The ENT specialist may recommend septoplasty to:
- Remove nasal polyps
Correct deviated nasal septum
- Recover nasal obstruction
- Treat chronic sinusitis
- Stop persistent nosebleeds
The benefits a septoplasty surgery are:
- Cures breathing problems caused by a deviated septum, nasal polyps or other similar conditions
- Can reduce or eliminate snoring enabling one to have a good night’s sleep
- Allows the sinuses to drain better
6. Turbinate reduction surgery
Turbinates are small structures inside the nose which aids in cleansing, warming and humidifying the air as it passes through one’s nasal cavity and lungs. The turbinates can become inflamed and swollen as a consequence of irritation, allergy or infection.
The causes of turbinate enlargement are:
- Changes in weather
- Changes in hormones
A turbinate reduction surgery is performed by an ENT specialist to remove excess tissue around the turbinate bones. This procedure improves the airflow and makes breathing easier.
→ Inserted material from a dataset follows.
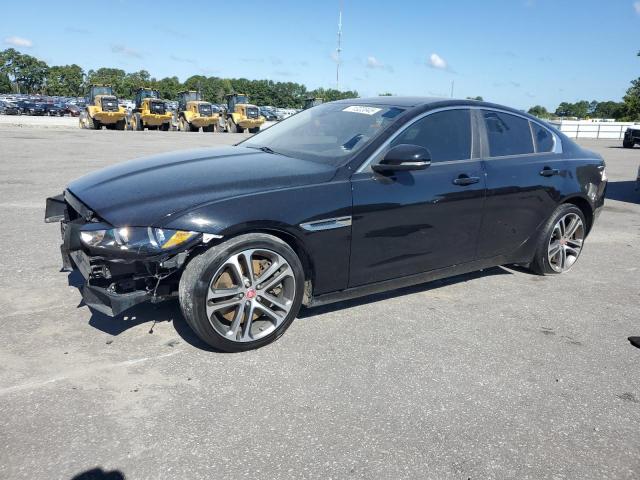 2017 JAGUAR XE PREMIUM SAJAD4BV3HA972207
It is also known as a nasal turbinate reduction or inferior turbinate reduction surgery.
The benefits of a turbinate reduction surgery are:
- Outpatient process
- Opens nasal airway
- Improves breathing
- Reduces snoring
- Treats critical nasal allergies
7. Nose tumor surgery
Nose tumor or inverted papilloma is a benign tumor that forms in the back side of the nasal cavities. As the inverted papilloma grows, it can sometimes spread into the paranasal sinuses or orbits. At times, the inverted papilloma can transform into an aggressive form of cancer called cell carcinoma.
The symptoms of an inverted papilloma are:
- Blocked nasal cavities (only on one side)
- Runny nose
- Sinus infections
- Bleeding from nose
- Pain or pressure in the ear
- Double vision
- Blurred vision
- Loss of vision
- Swelling around the eyes
- Loose teeth
To cure inverted papilloma, an endoscopic endonasal surgery is performed. This innovative and minimally invasive method uses the nose and nasal passages as natural corridors to access hard to approach tumors.
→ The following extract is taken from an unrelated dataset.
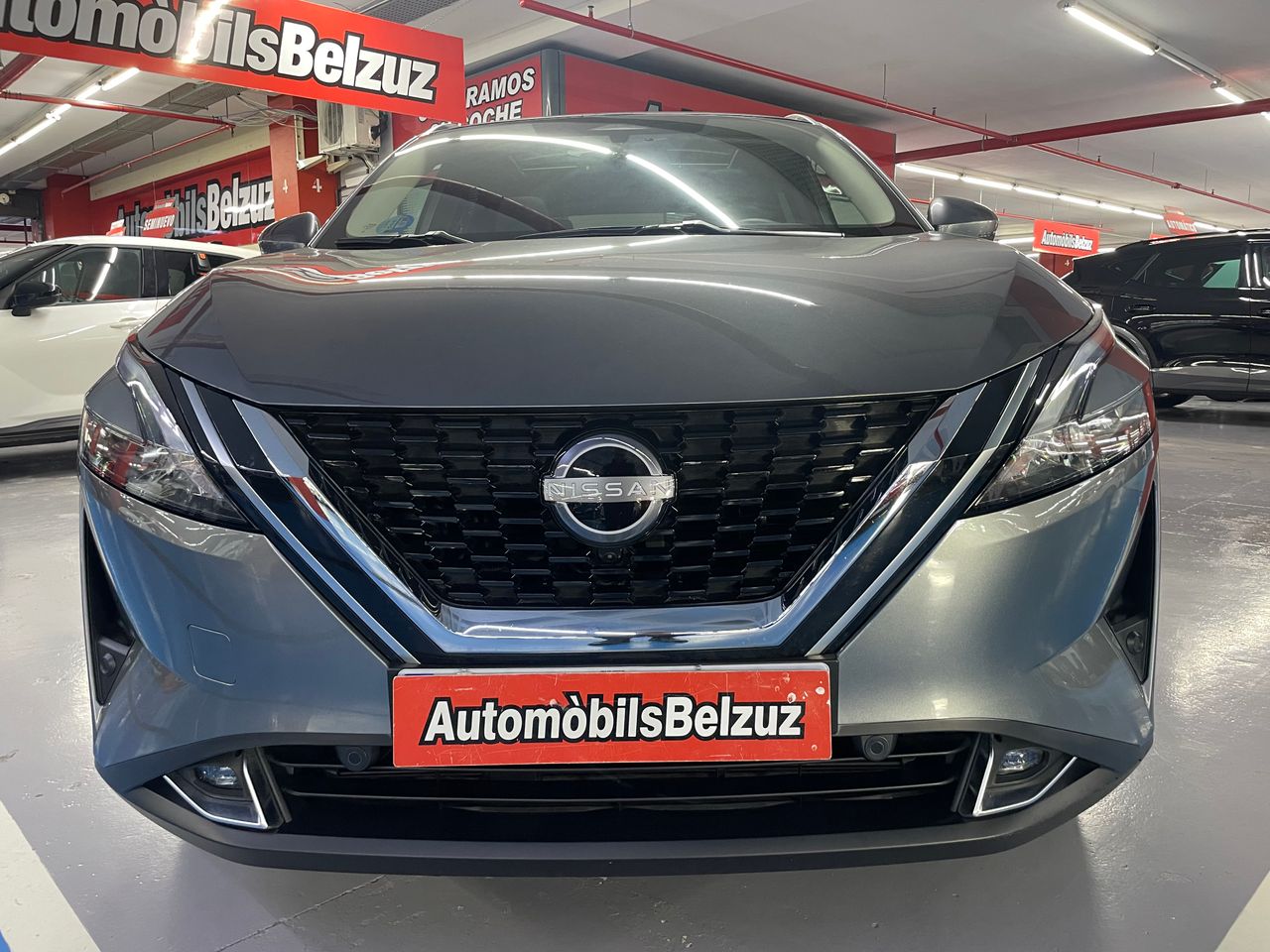 Foto Nissan Qashqai 3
The benefits of an endoscopic endonasal surgery are:
- No incisions
- No disfigurement
- Faster recovery time
8. Nasal polypectomy surgery
Nasal polyps are soft, non cancerous growths found in the lining of the nasal cavity. They are semi translucent, pale and gray masses. It may be present in those who are suffering from perennial nasal congestion, obstruction and anosmia or hyposmia.
The symptoms of nasal polyps are:
- Difficulty breathing
- Loss of sense of smell
- Reduced sense of taste
- Postnasal drip
- Runny nose
- Facial pain
- Sinus pressure
- Itchy eyes
The surgical procedure to remove nasal polyps from the nasal passages is known as nasal polypectomy. This surgery lasts for a few hours and can prevent rare but serious conditions that can result from nasal polyps like complex sinusitis.